Further, the actuator 21 includes arm accommodating recessed portions 26 which are formed in the bottom surface of the actuator 21, and accommodate the arm portions 54 of the terminals 51 when the actuator 21 comes to the closed position. When the actuator 21 is brought to the closed position, a ceiling surface 26a of each of the arm accommodating recessed portions 26 comes into contact with the top surface of the arm portion 54 and urges the arm portion 54 toward down. Furthermore, the actuator 21 is provided with a front wall portion 27 extending downward from the front edge thereof. The bottom surface of the front wall portion 27 moves to the vicinity of the top surface of the flat plate-like cable 101 inserted in the accommodating space 17 when the actuator 21 comes to the closed position, thus preventing foreign matters such as dust from entering the accommodating space 17, and avoiding a short circuit between the neighboring conductive leads 151 or between the neighboring terminals 51 due to foreign matters.

Moreover, the actuator 21 is provided with actuator-side locking projections 24 formed in the vicinity of the front ends thereof on both sides. When the actuator 21 comes to the closed position, the actuator-side locking projections 24 lock the actuator 21 by being engaged with housing-side locking projections 13a projecting from inner side surfaces of the side wall portions 13 on both sides, preventing the actuator 21 from changing the attitude thereof to the open position.

Next, an operation conducted to connect the flat plate-like cable 101 to the connector 1 will be described.
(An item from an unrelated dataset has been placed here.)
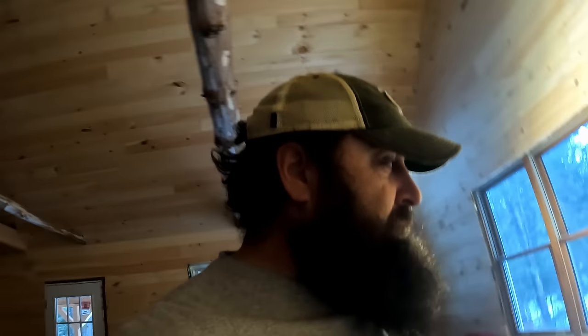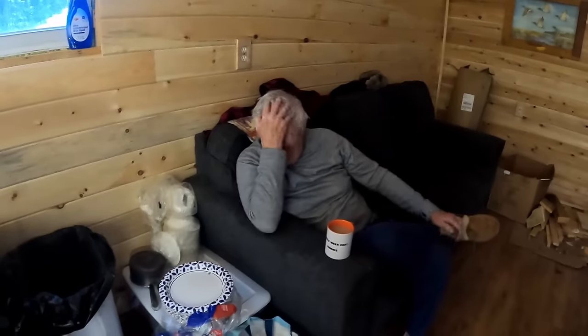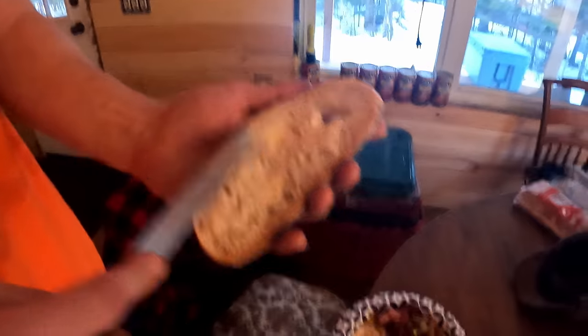Good morning. We had a pretty mild night last night, I think it's about 30 degrees. Donnie's enjoying his coffee, trying to get a little java into him. Kind of hot right now. We got one breakfast plated over here. Stevie's about ready to drive that into him. He's buttering up his bread.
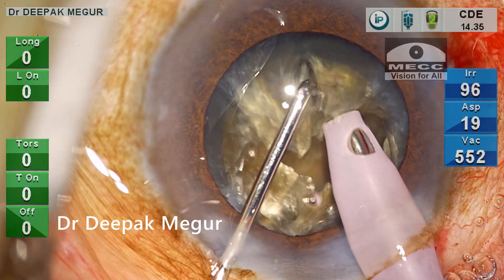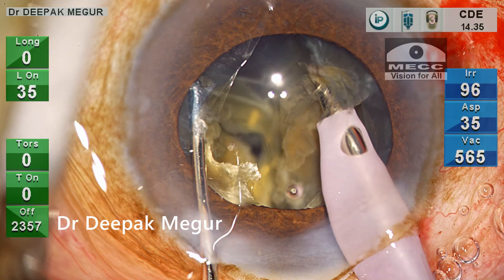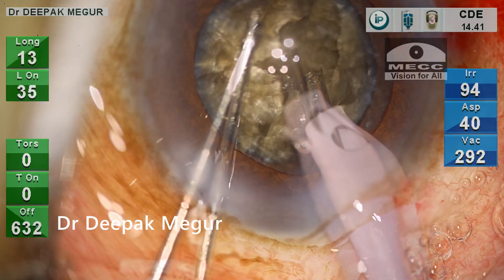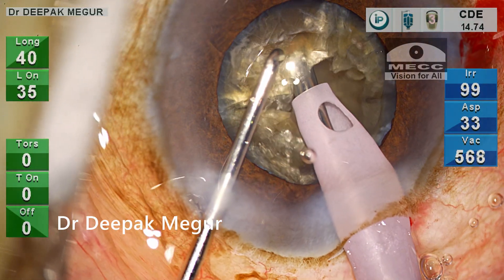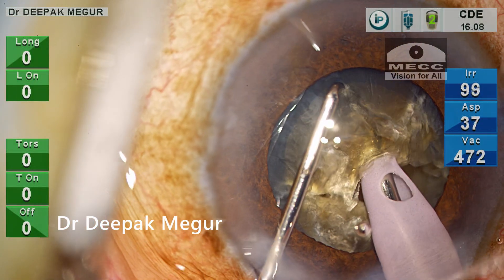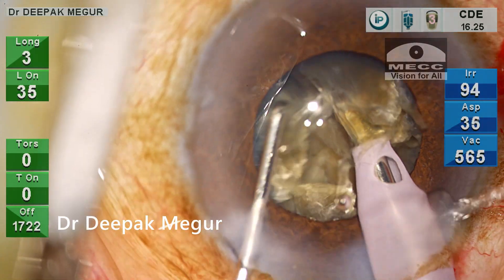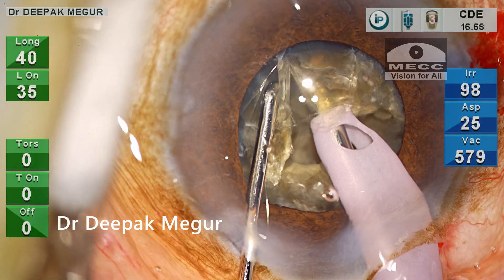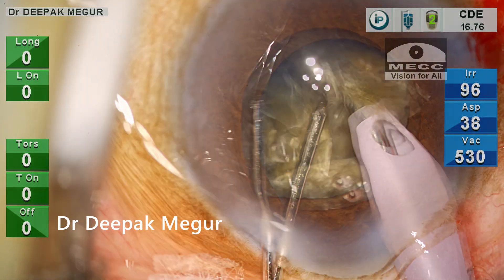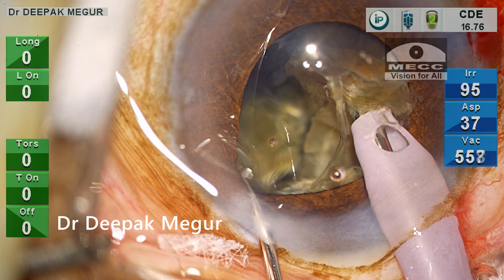While trying to chop at a deeper plane, I'm unable to place the second instrument due to lack of space. However, with persistence I manage to place the instrument deep enough, and during lateral separation the first complete separation of the fragment is finally achieved. I want to emulsify this free fragment now to create more space within the bag.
FIG. 7 is a plan view of the flat plate-like cable according to the embodiment of the present invention, FIG. 8 is a plan view showing a state where the flat plate-like cable is inserted into the connector according to the embodiment of the present invention, FIG. 9 is a cross-sectional view, taken along the arrow X-X of FIG. 3, showing the state where the flat plate-like cable is inserted into the connector according to the embodiment of the present invention, FIG. 10 is a first cross-sectional view, taken along the arrow X-X of FIG. 3, showing the state where the flat plate-like cable is connected to the connector according to the embodiment of the present invention, FIG. 11 is a second cross-sectional view, taken along the arrow Y-Y of FIG. 3, showing the state where the flat plate-like cable is connected to the connector according to the embodiment of the present invention, and FIG. 12 is a cross-sectional view taken along the arrow Z-Z of FIG. 10.

As shown in FIG. 7, the flat plate-like cable 101 includes a substrate 111 which has a thin slip-like shape and is an insulating thin plate member, and the plurality of, for example, 33 conductive leads 151 arranged on one surface of the substrate 111. The conductive leads 151 are, for example, foil-like linear members made of conductive metal such as copper, and are arrayed in parallel with each other at a predetermined pitch, for example, approximately 0.1 [mm]. The number and pitch of the conductive leads 151 may be changed as necessary.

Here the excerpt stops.